**Exercise**
Every entry should be copied exactly, with nothing added or dropped.
(Provided records begins)
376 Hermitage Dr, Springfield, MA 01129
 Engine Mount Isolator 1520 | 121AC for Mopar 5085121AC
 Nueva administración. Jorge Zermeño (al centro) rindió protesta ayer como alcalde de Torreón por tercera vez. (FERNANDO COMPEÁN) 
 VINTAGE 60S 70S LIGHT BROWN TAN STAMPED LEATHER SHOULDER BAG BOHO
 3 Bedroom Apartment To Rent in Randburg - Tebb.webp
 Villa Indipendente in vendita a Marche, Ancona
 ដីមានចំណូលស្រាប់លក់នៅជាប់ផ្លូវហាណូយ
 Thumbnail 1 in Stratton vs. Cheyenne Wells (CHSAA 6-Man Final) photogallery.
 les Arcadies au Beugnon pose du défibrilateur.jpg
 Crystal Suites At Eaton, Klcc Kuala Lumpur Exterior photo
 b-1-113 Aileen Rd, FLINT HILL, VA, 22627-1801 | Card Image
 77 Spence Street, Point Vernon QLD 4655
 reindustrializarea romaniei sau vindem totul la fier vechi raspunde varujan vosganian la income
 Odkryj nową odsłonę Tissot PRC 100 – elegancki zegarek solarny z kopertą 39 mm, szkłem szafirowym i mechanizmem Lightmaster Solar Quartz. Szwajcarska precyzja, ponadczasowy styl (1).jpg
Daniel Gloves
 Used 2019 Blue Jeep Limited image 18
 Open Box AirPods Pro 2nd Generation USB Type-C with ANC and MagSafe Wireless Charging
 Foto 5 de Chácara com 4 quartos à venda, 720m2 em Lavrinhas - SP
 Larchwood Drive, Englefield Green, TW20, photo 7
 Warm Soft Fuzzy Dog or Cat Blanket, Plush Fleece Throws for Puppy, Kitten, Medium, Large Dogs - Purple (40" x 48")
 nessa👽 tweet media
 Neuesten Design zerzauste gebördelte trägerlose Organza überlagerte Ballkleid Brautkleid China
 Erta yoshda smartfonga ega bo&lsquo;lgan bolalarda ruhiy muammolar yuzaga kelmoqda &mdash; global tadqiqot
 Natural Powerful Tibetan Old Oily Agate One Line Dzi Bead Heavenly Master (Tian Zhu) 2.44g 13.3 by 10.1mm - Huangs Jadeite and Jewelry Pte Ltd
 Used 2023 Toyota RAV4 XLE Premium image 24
(Provided records ends)
**Expected answer**
376 Hermitage Dr, Springfield, MA 01129
 Engine Mount Isolator 1520 | 121AC for Mopar 5085121AC
 Nueva administración. Jorge Zermeño (al centro) rindió protesta ayer como alcalde de Torreón por tercera vez. (FERNANDO COMPEÁN) 
 VINTAGE 60S 70S LIGHT BROWN TAN STAMPED LEATHER SHOULDER BAG BOHO
 3 Bedroom Apartment To Rent in Randburg - Tebb.webp
 Villa Indipendente in vendita a Marche, Ancona
 ដីមានចំណូលស្រាប់លក់នៅជាប់ផ្លូវហាណូយ
 Thumbnail 1 in Stratton vs. Cheyenne Wells (CHSAA 6-Man Final) photogallery.
 les Arcadies au Beugnon pose du défibrilateur.jpg
 Crystal Suites At Eaton, Klcc Kuala Lumpur Exterior photo
 b-1-113 Aileen Rd, FLINT HILL, VA, 22627-1801 | Card Image
 77 Spence Street, Point Vernon QLD 4655
 reindustrializarea romaniei sau vindem totul la fier vechi raspunde varujan vosganian la income
 Odkryj nową odsłonę Tissot PRC 100 – elegancki zegarek solarny z kopertą 39 mm, szkłem szafirowym i mechanizmem Lightmaster Solar Quartz. Szwajcarska precyzja, ponadczasowy styl (1).jpg
Daniel Gloves
 Used 2019 Blue Jeep Limited image 18
 Open Box AirPods Pro 2nd Generation USB Type-C with ANC and MagSafe Wireless Charging
 Foto 5 de Chácara com 4 quartos à venda, 720m2 em Lavrinhas - SP
 Larchwood Drive, Englefield Green, TW20, photo 7
 Warm Soft Fuzzy Dog or Cat Blanket, Plush Fleece Throws for Puppy, Kitten, Medium, Large Dogs - Purple (40" x 48")
 nessa👽 tweet media
 Neuesten Design zerzauste gebördelte trägerlose Organza überlagerte Ballkleid Brautkleid China
 Erta yoshda smartfonga ega bo&lsquo;lgan bolalarda ruhiy muammolar yuzaga kelmoqda &mdash; global tadqiqot
 Natural Powerful Tibetan Old Oily Agate One Line Dzi Bead Heavenly Master (Tian Zhu) 2.44g 13.3 by 10.1mm - Huangs Jadeite and Jewelry Pte Ltd
 Used 2023 Toyota RAV4 XLE Premium image 24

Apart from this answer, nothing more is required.